If that means a food company loses the ability to know why the romaine lettuce it buys is frequently infected by e-coli, bad for its customers and likely bad for the company. If that means all food companies sell a product that is composed of ten different layers of subcontraction, bad for everyone who eats commodified food. The compliance officers inside the company aren’t truly protecting the public interest–they’re hidden inside the institution and yet not answerable to it.

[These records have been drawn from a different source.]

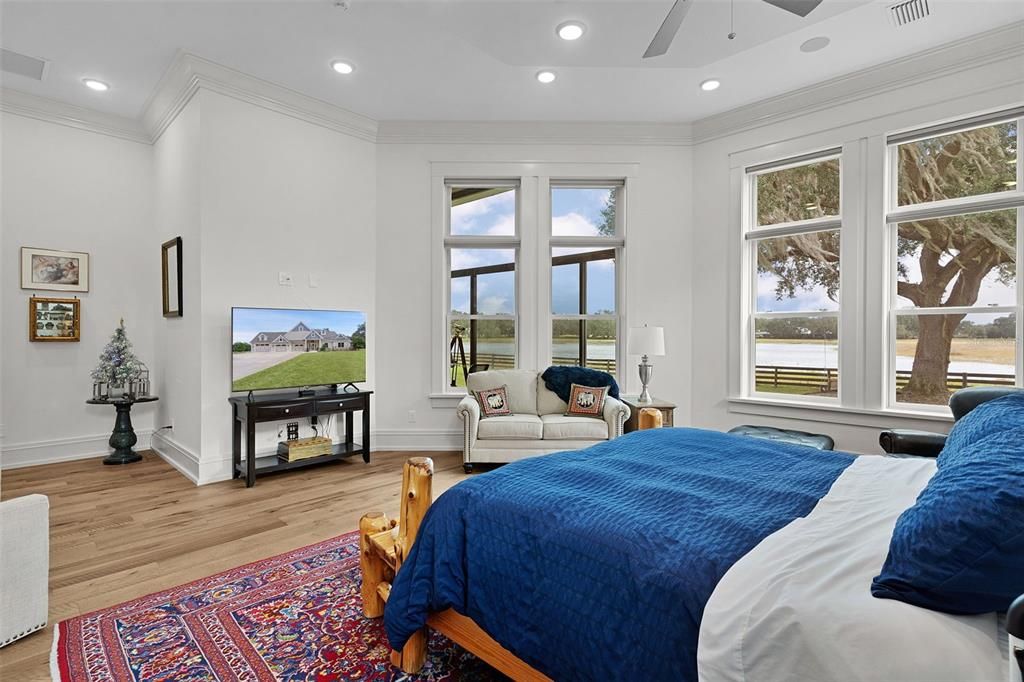 Bedroom, Interior, Recessed Lighting, Water, Wood Texture Flooring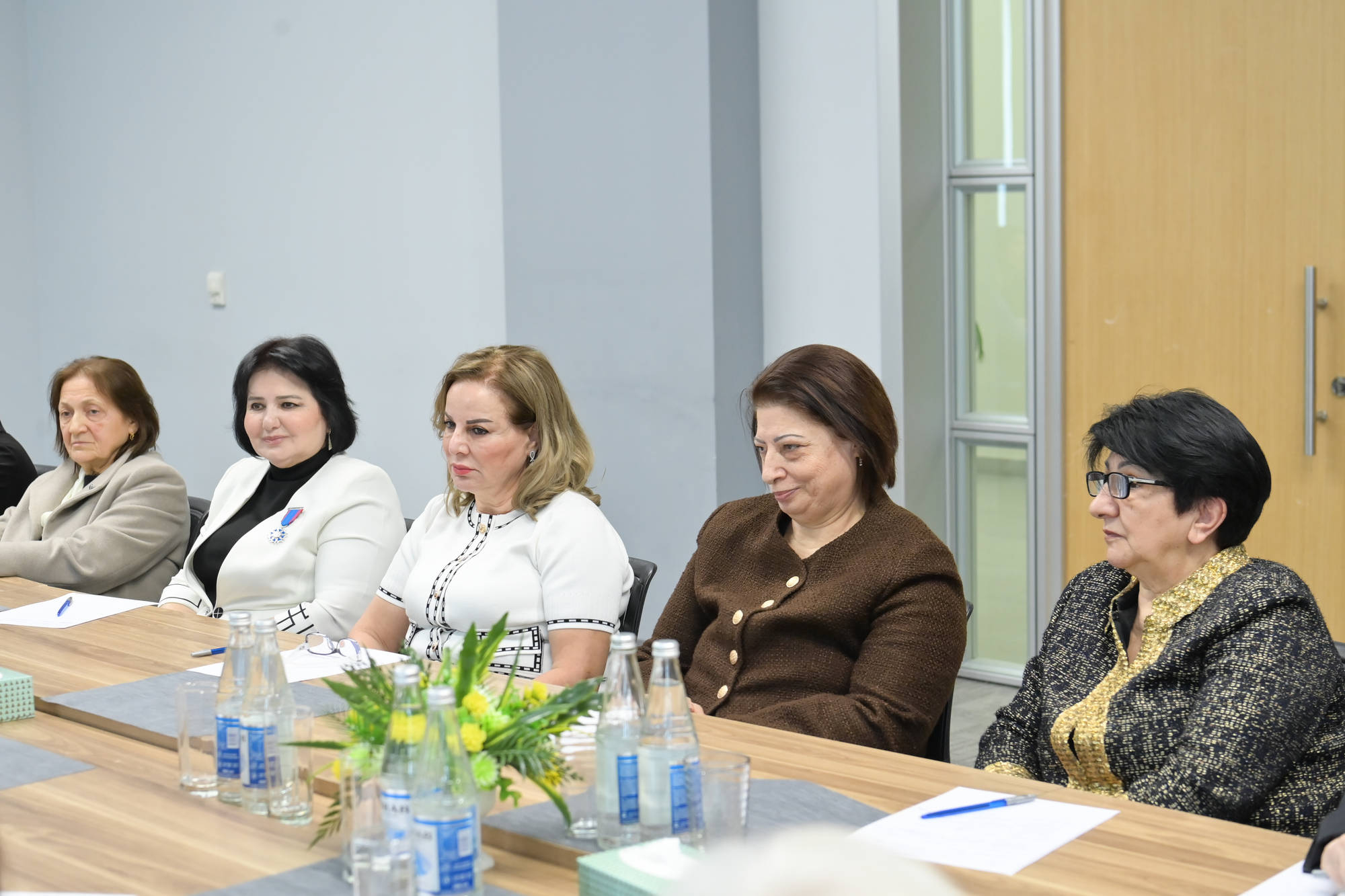 Elm və təhsil naziri təqaüddə olan qabaqcıl qadın təhsil işçiləri ilə görüş keçirib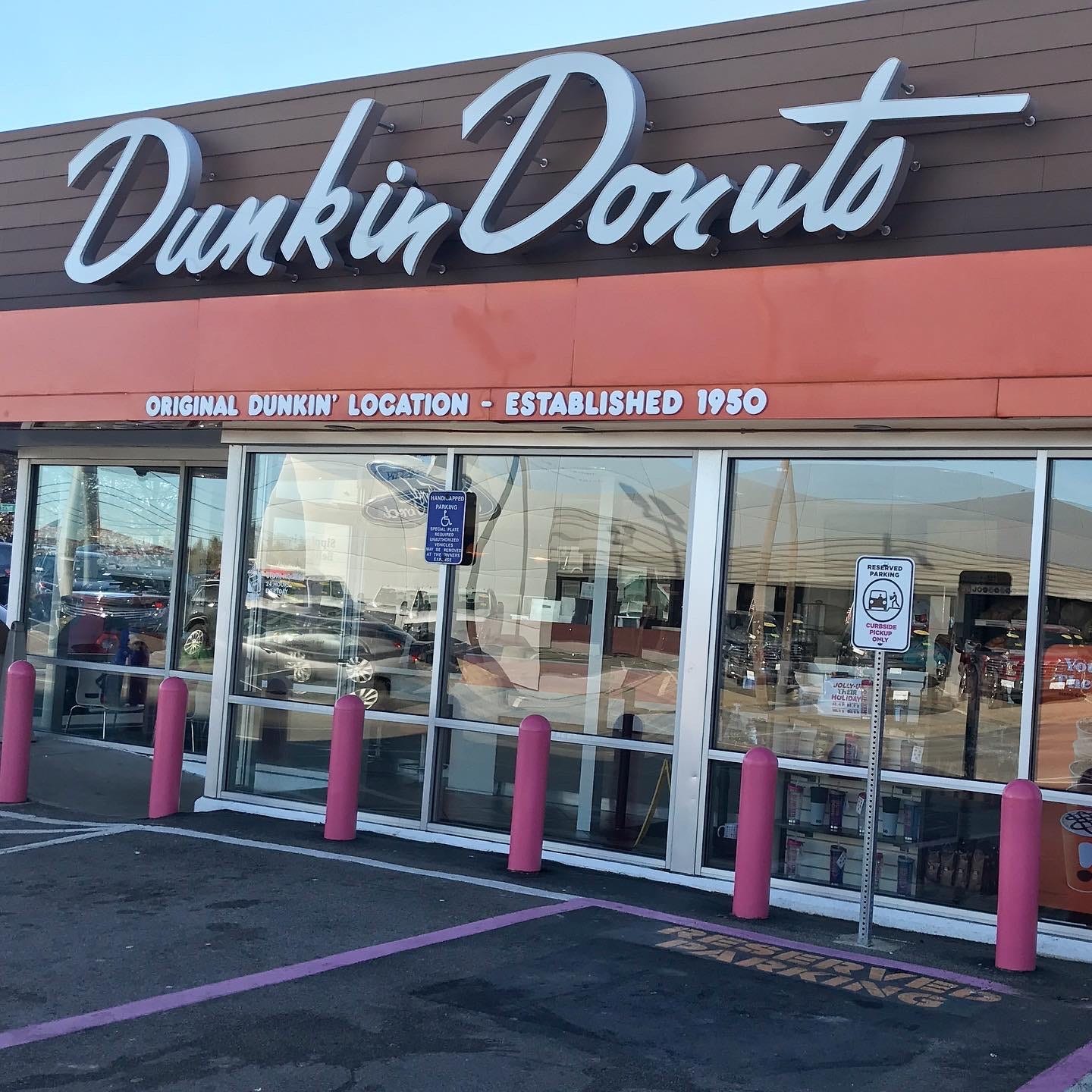 It's National Donut Day Here are 2 dozen classic shops where the(04)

The gig contact points inside the company aren’t really responsible to the company, and neither are the contractors they’ve hired. Nobody’s really responsible. Maybe some individual will be unlucky enough to be identified in a viral video and hashtagged into temporary oblivion, but the structures live on.
Iowa is all of this made truly and horrifingly manifest. At the beginning of a national election that many citizens plainly feel is the most important election in their lifetime–and possibly one of the three or four most important in the history of this nation-state–a party organization lost control of one of its most important functions. It will be tempting to say that this must be a cunning, purposeful, self-interested conspiracy by a few, or a punishable kind of professional incompetence that was contingent, e.g., that could have been avoided. I strongly suspect instead that the Shadow we will uncover has fallen on us all, that all of us are involved in forms of labor towards valuable, important ends that our institutions have lost control over, and that none of us know quite how to walk back into the light of sovereignty and authority over the missions we value, the purposes we are called to, the responsibilities we revere.